**What the task requires**
Write out every record below exactly as it stands, leaving the pictures out.

┄┄┄┄┄┄┄┄┄┄┄┄┄┄┄┄┄┄┄┄

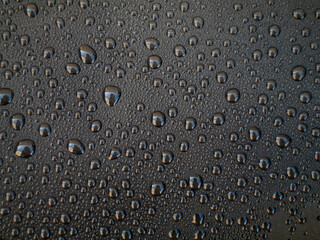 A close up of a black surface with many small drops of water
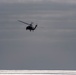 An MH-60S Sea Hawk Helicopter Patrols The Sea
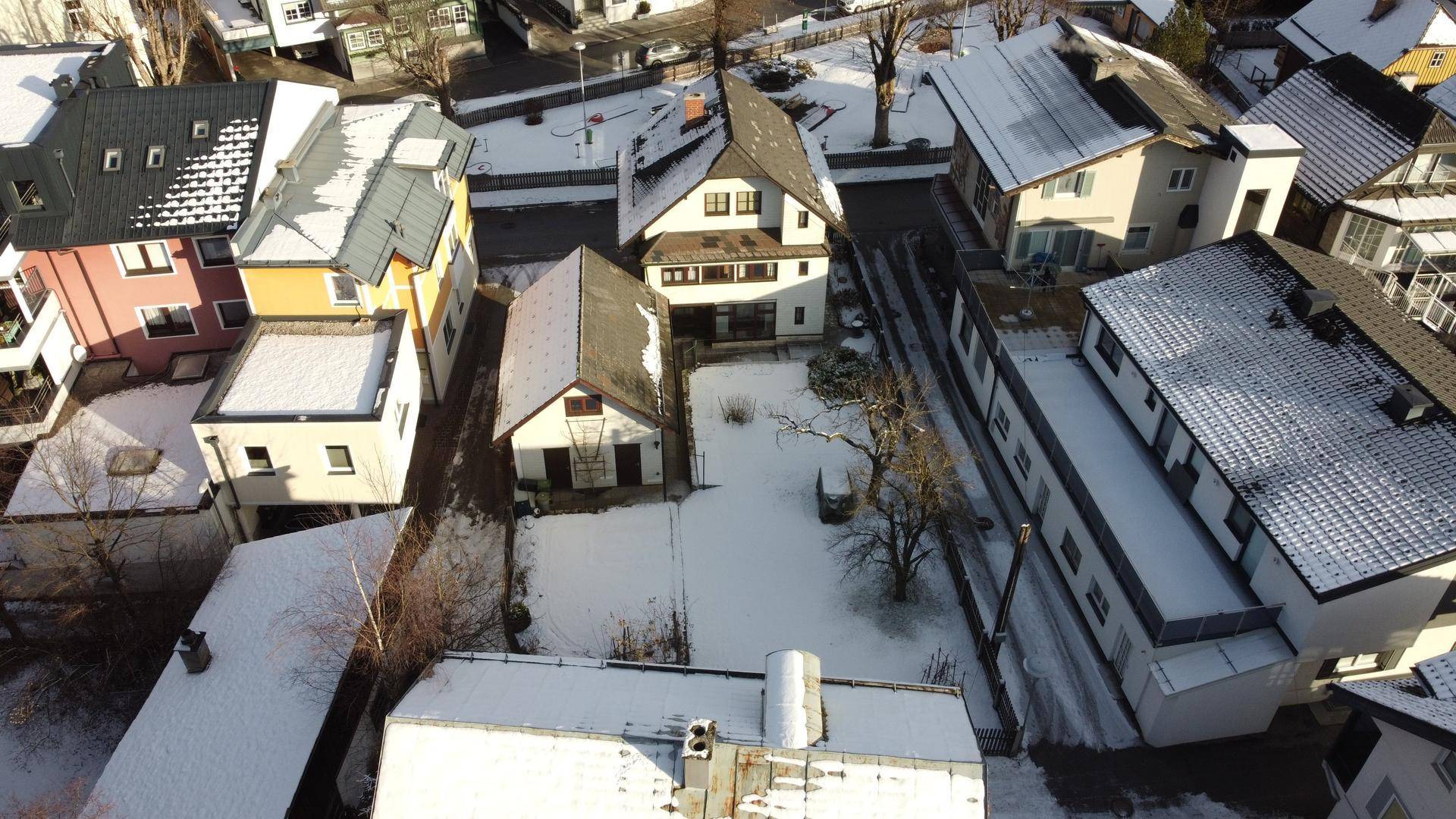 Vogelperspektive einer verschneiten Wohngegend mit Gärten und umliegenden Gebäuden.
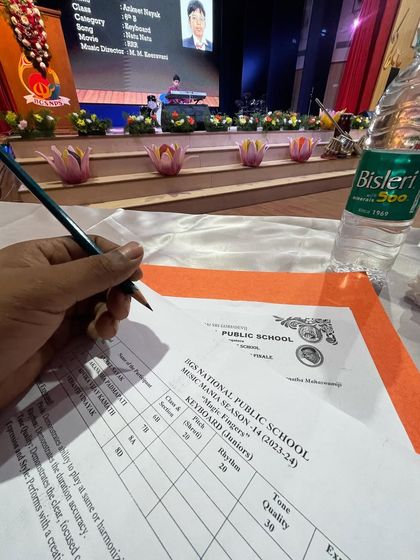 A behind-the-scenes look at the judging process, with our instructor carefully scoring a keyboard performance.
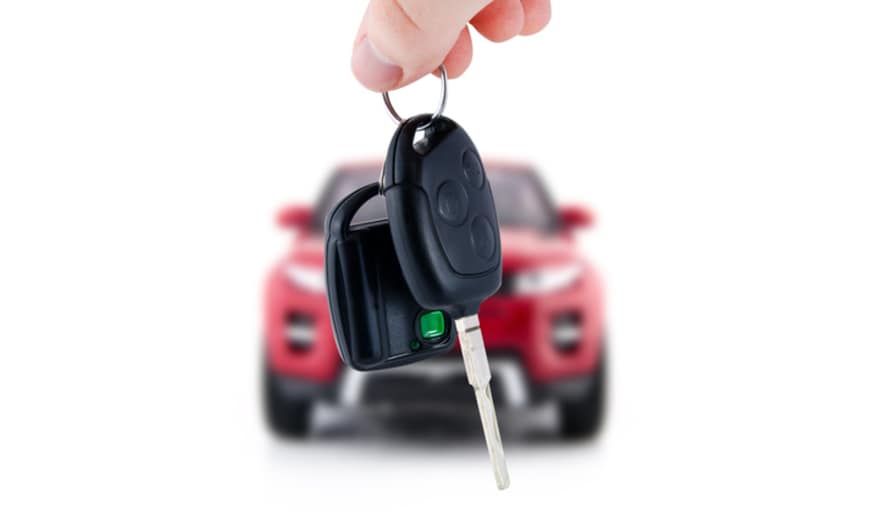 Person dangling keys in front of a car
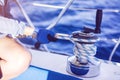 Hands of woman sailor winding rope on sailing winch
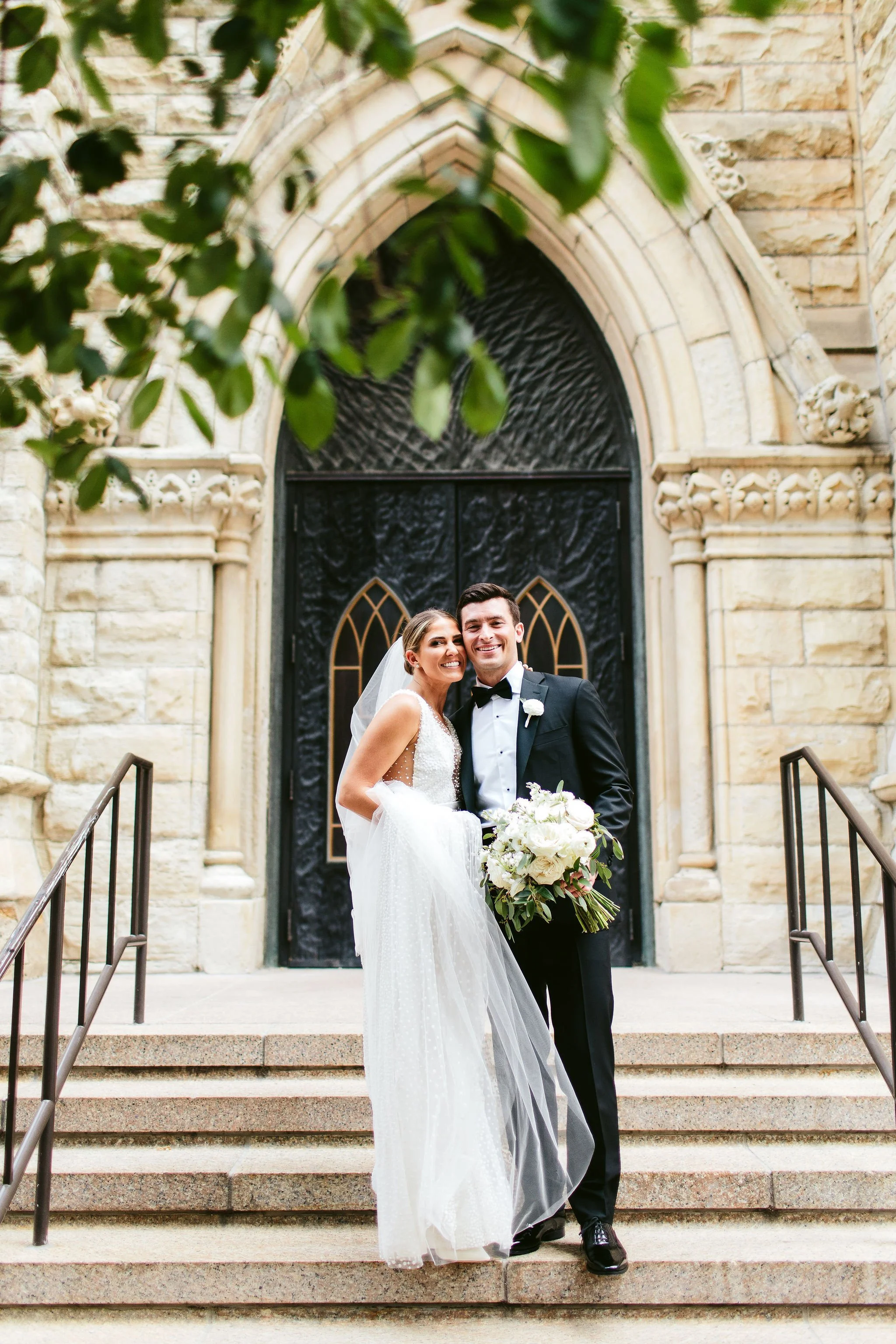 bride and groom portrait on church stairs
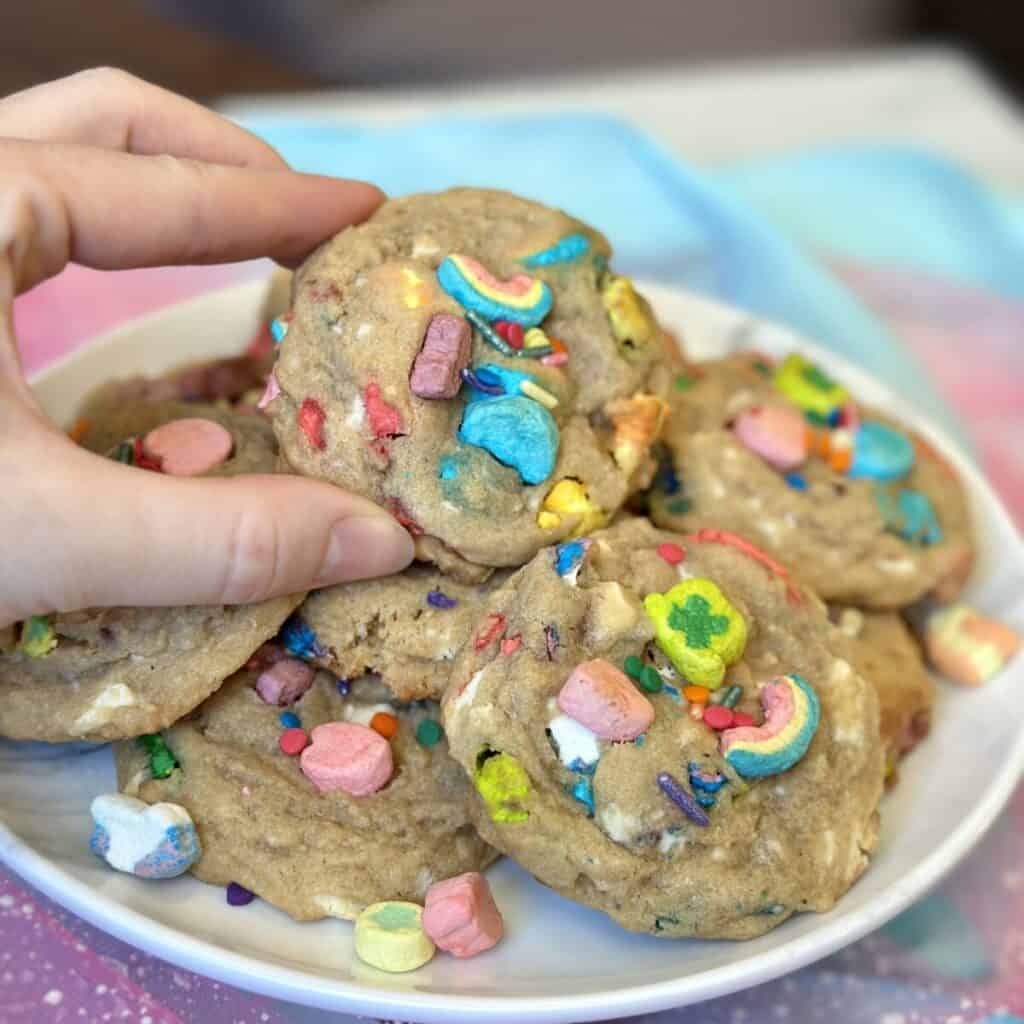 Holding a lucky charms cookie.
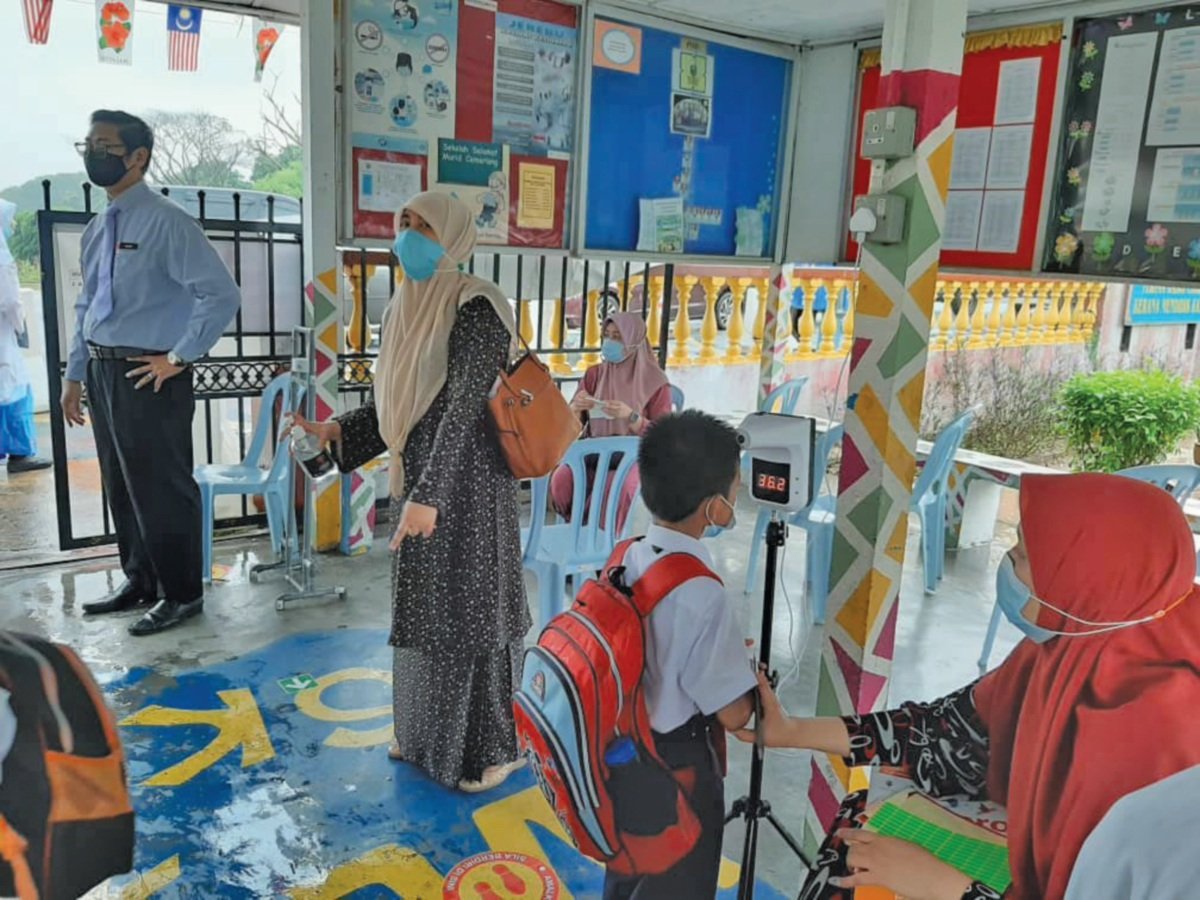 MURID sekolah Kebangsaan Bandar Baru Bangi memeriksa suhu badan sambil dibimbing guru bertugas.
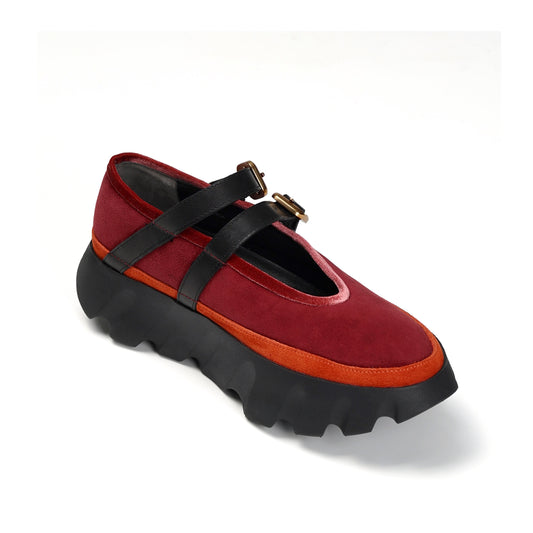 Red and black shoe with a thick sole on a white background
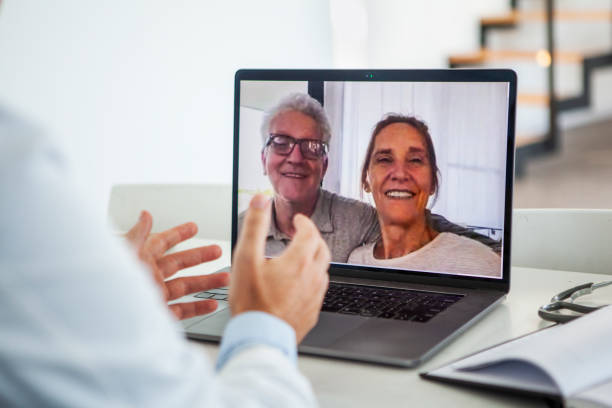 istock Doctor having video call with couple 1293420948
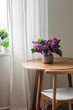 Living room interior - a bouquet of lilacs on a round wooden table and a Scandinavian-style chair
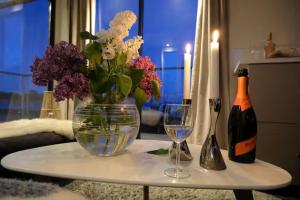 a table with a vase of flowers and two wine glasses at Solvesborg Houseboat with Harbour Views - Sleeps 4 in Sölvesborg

┄┄┄┄┄┄┄┄┄┄┄┄┄┄┄┄┄┄┄┄

**Output for this exercise**
 A close up of a black surface with many small drops of water
 An MH-60S Sea Hawk Helicopter Patrols The Sea
 Vogelperspektive einer verschneiten Wohngegend mit Gärten und umliegenden Gebäuden.
 A behind-the-scenes look at the judging process, with our instructor carefully scoring a keyboard performance.
 Person dangling keys in front of a car
 Hands of woman sailor winding rope on sailing winch
 bride and groom portrait on church stairs
 Holding a lucky charms cookie.
 MURID sekolah Kebangsaan Bandar Baru Bangi memeriksa suhu badan sambil dibimbing guru bertugas.
 Red and black shoe with a thick sole on a white background
 istock Doctor having video call with couple 1293420948
 Living room interior - a bouquet of lilacs on a round wooden table and a Scandinavian-style chair
 a table with a vase of flowers and two wine glasses at Solvesborg Houseboat with Harbour Views - Sleeps 4 in Sölvesborg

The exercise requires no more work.